This is a difficult question to ask since I'm not sure of the terminology. Basically I am looking for a solution to parse what I would call a "loose" XML grammar. This means that data is contained between nested tags just as XML but without the requirement to specify the sequence of subtags.
I'm a novice with regards to XML but it seems that what I'm looking for a more generalized grammar parser?
For example, this would be allowed:
<toptag>
<subtag1>element #1</subtag1>
<subtag2>element #2</subtag2>
<subtag3>element #3</subtag3>
<toptag>
<toptag>
<subtag1>element #3</subtag1>
<subtag2>element #2</subtag2>
<subtag1>element #1</subtag1>
<toptag>
<toptag>
<subtag2>element #2</subtag2>
<subtag2>element #2</subtag2>
<subtag2>element #2</subtag2>
<toptag>
The trouble is that the subtags could occur in any order and in any number from 0 to unbounded.
Essentially, I want to build a hash of these tag elements and then parse through the hash to build an XML compliant output.
This is kind of out of my area and I'm not sure of that I'm asking the right questions when I research this.

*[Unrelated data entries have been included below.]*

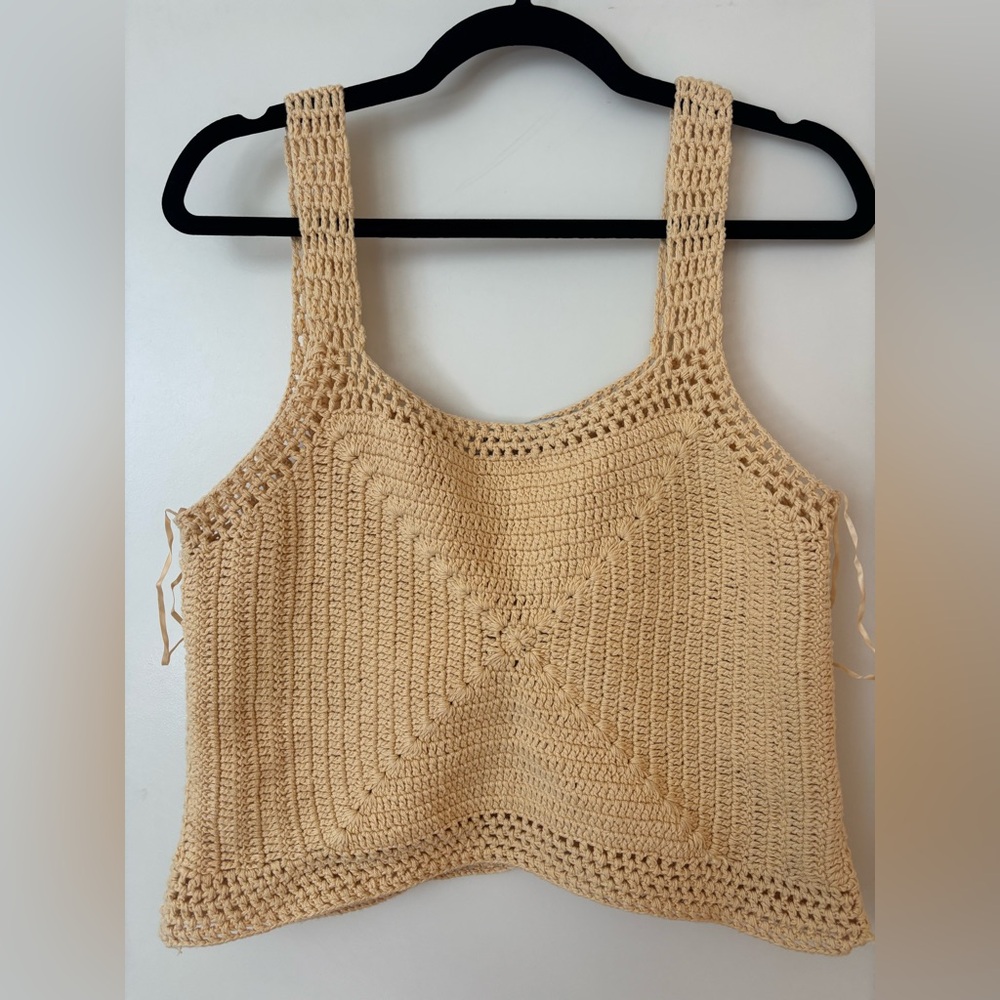 Zara yellow Crochet Tank Top Large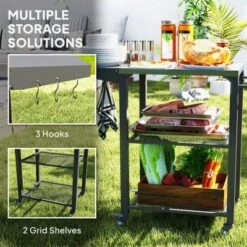 FURNIinspire Outdoor Grills, Griddles And Smokers Functional Outdoor Kitchen Station With Locking Wheels, Storage Shelves, Gray, 37.4"*27.6"*19.7" -HV GUEST eb392eb2 72ec 4b57 852d 32dd6ba31917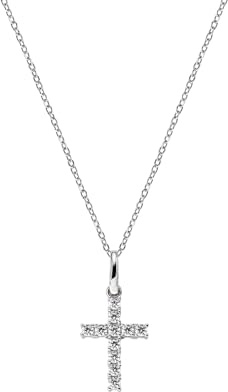 Amen Gioielli, Collana con Croce, Collana Donna Argento 925, Ciondolo Croce, Rodiato con Zirconi Bianchi, Regalo Donna.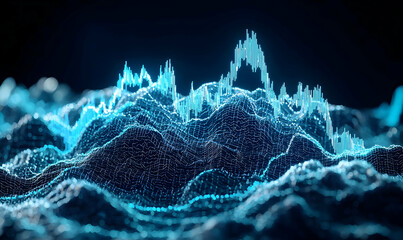 Poster - Holographic Forex Chart with World Map on Dark Background, showcasing dynamic financial trends and global market connections.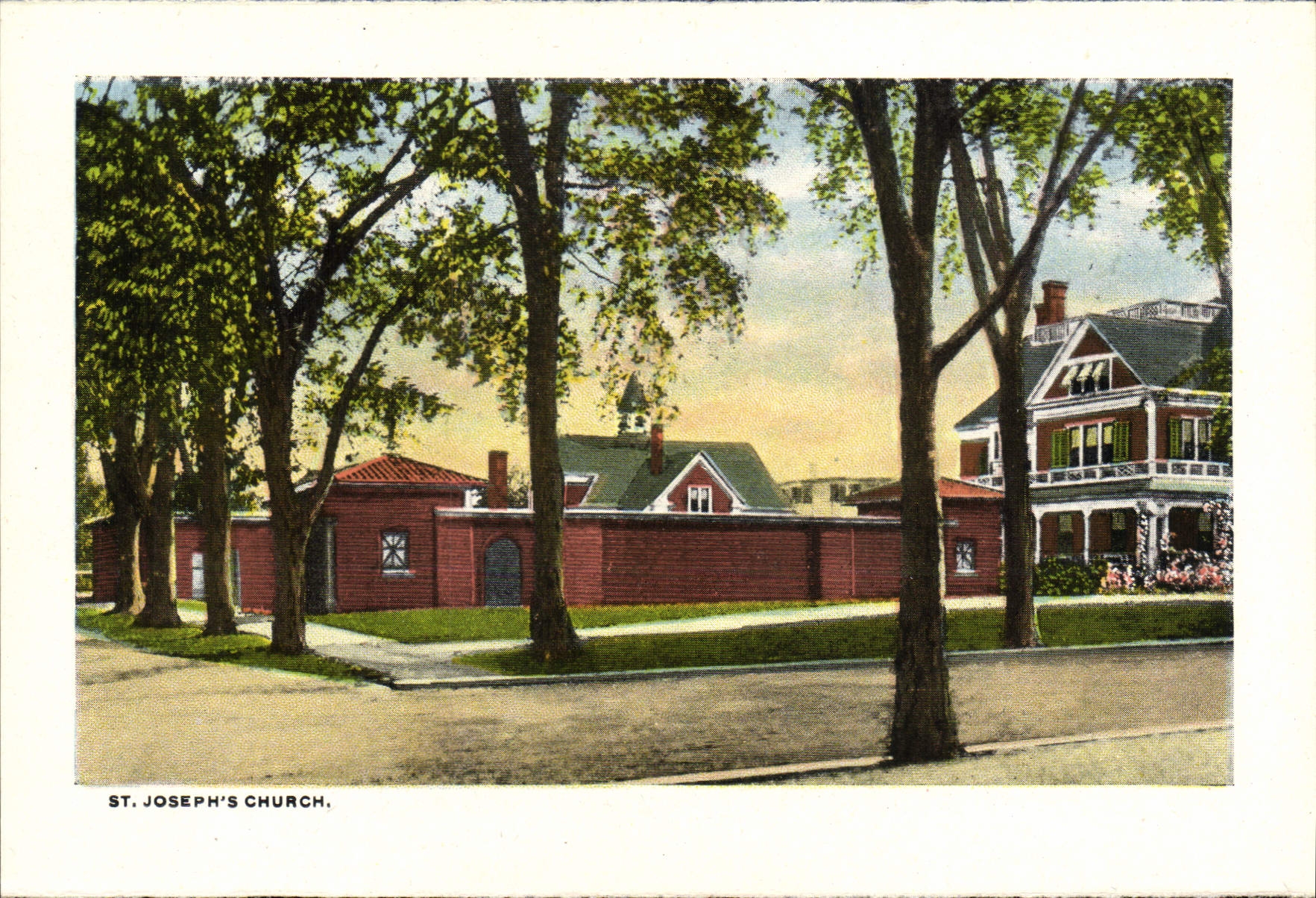 VINTAGE POSTCARD St Joseph' S Church Old peck House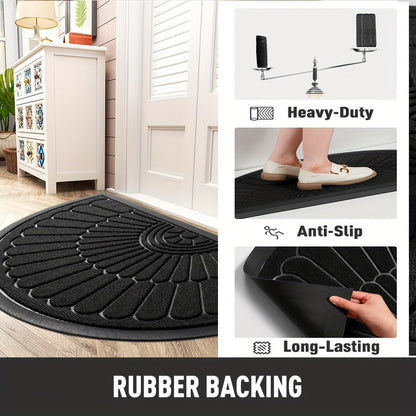 Duurzame Halfronde Rubber Deurmat – Niet-slip voor Binnen en Buiten, Ideaal voor Elke Deur, Effectief in Vuilverwijdering 2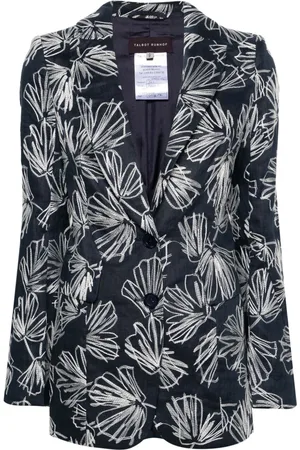 TALBOT RUNHOF Floral-embroidered linen blazer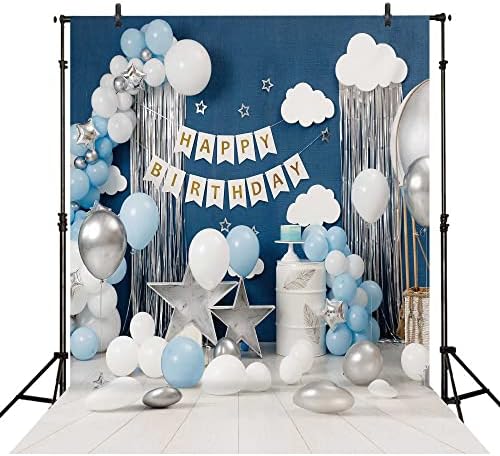 Imirell Happy Birthday Backdrop 5Wx7H Feet Blue White Silver Balloon Cloud Stars Prince Wood Floor Kids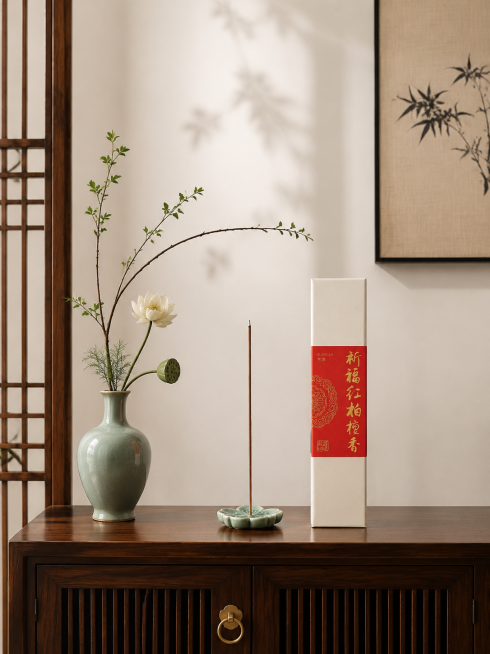 红柏檀香线香礼盒摆放在新中式玄关柜，保持产品不变形，产品标贴文字不变，旁边搭配禅意花艺和香炉，简约雅致家居场景，电商主图预览效果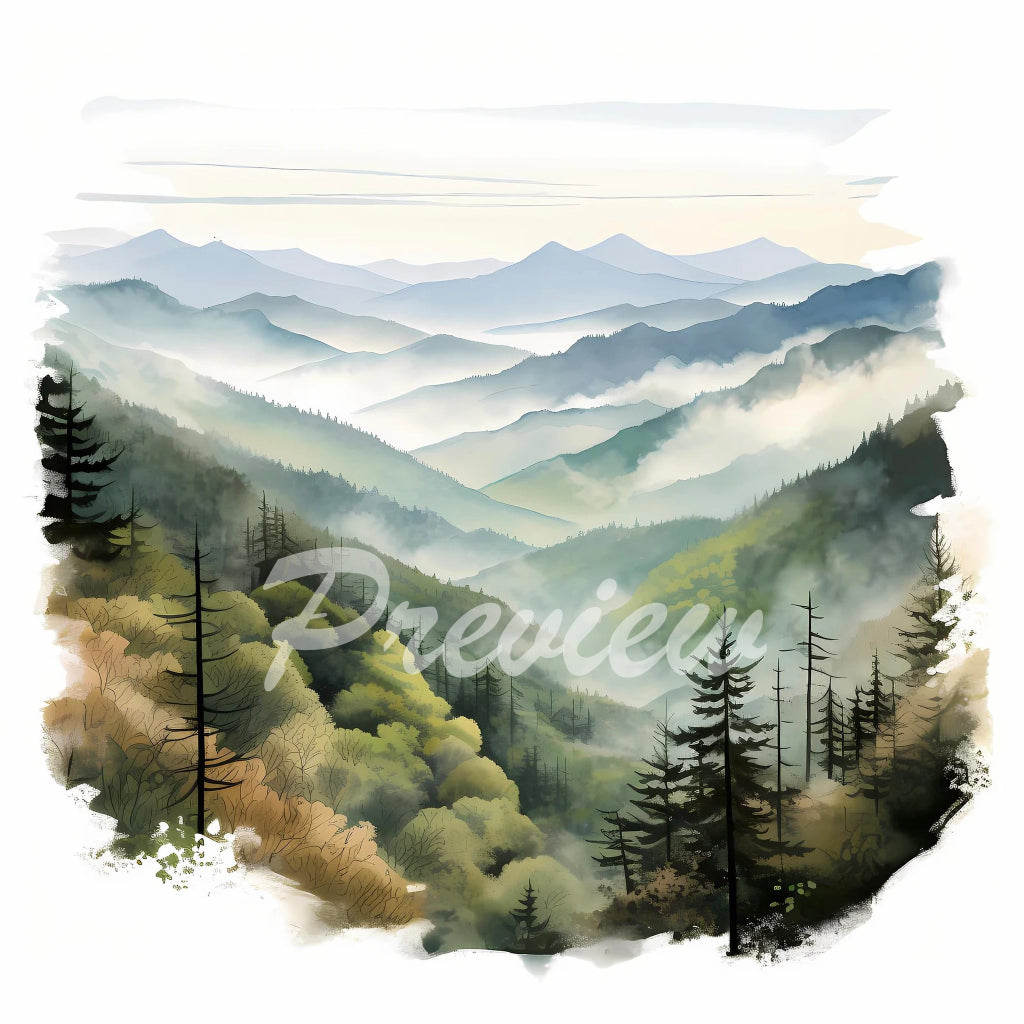 Great Smoky Mountains National Park Watercolor Digital Download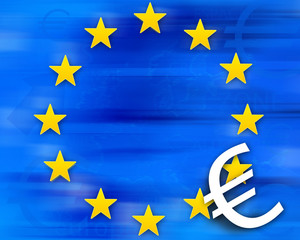 illustration - drapeau europe avec sigle euro
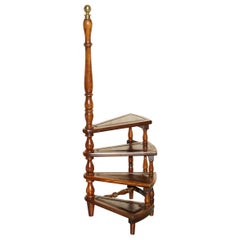 ANTiQUE VICTORIAN STYLE HARDWOOD & BROWN LEATHER LIBRARY BOOKCASE STEPS STAIRS
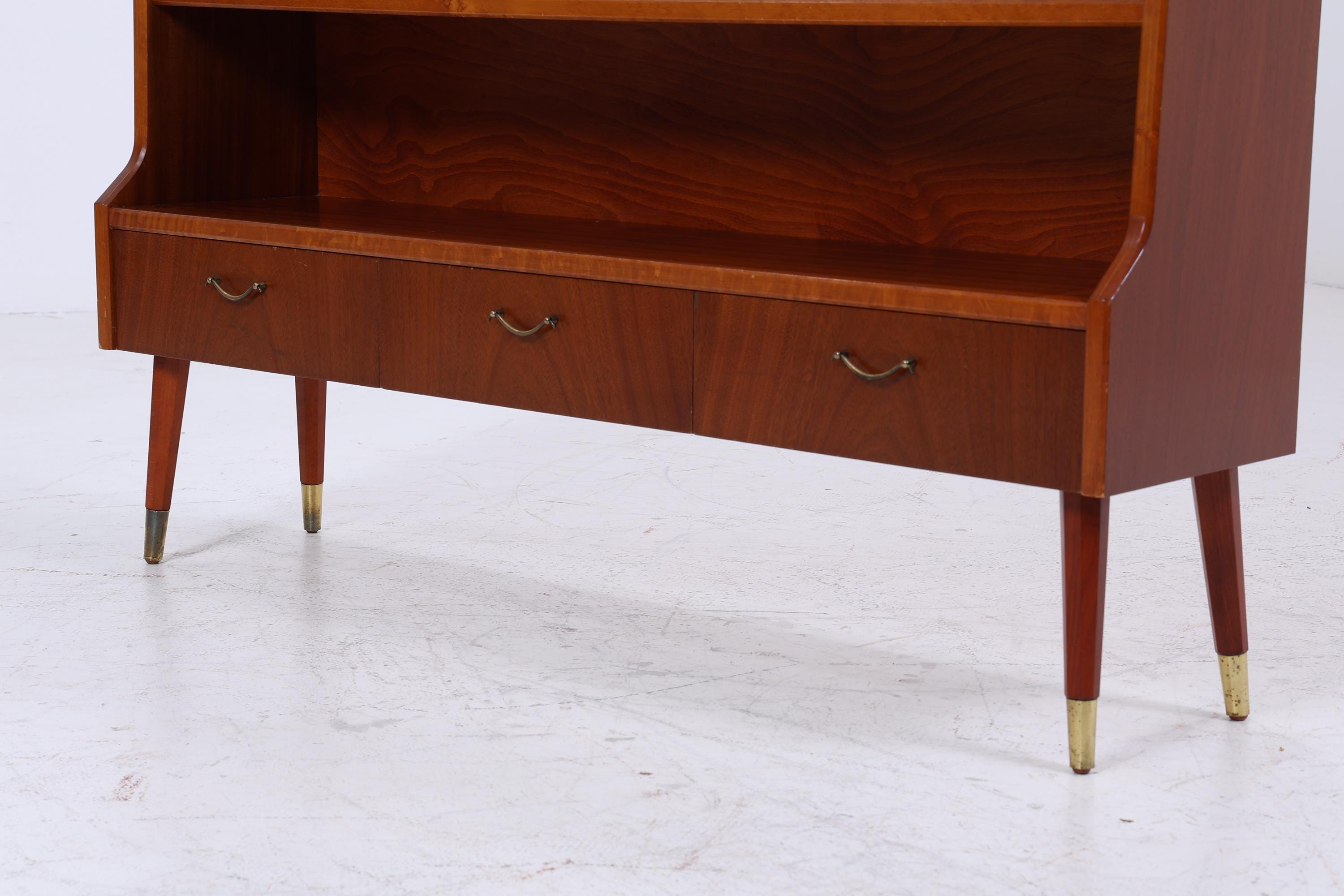 Vintage Regal 60er Jahre | Mid Century kleines Schubladen Bücherregal Sekretär Retro Holz Aufbewahrung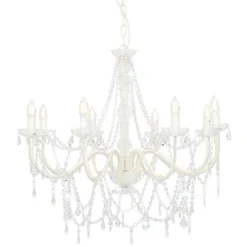 Luminaires-vidaXL Lustre avec perles 8 ampoules E14 Blanc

Any suggestions would be appreciated.
Further clarification:
Maybe this will help clarify. Consider it this way. A person is writing a text document. They will tag various words or phrases of that document using a predefined set of tags. Different parts of the document may contain related tags. For example,
<statement>
This is the statement of <person id="001"><name>Joe Smith</nam
+e></person>. His mothers name is
<parent><name>Betty</name></parent>. Joe is <person id="001"><
+age>15</age></person> years old.
</statement>
The person {name/age} sub-elements could occur in any order. In fact, the parent/person elements could occur in any order. There might also be multiple person tag sets.
Ultimately, I want to parse the final document, build a hash from the tags and then process the hash to combine all the elements associated with person id="001" into a single data structure.
Update:
I've received several good suggestions and some good advice. XML::Simple seems the most promising at the moment. Of course, I'm open to more suggestions and I'd love to hear from someone who has tackled this problem before.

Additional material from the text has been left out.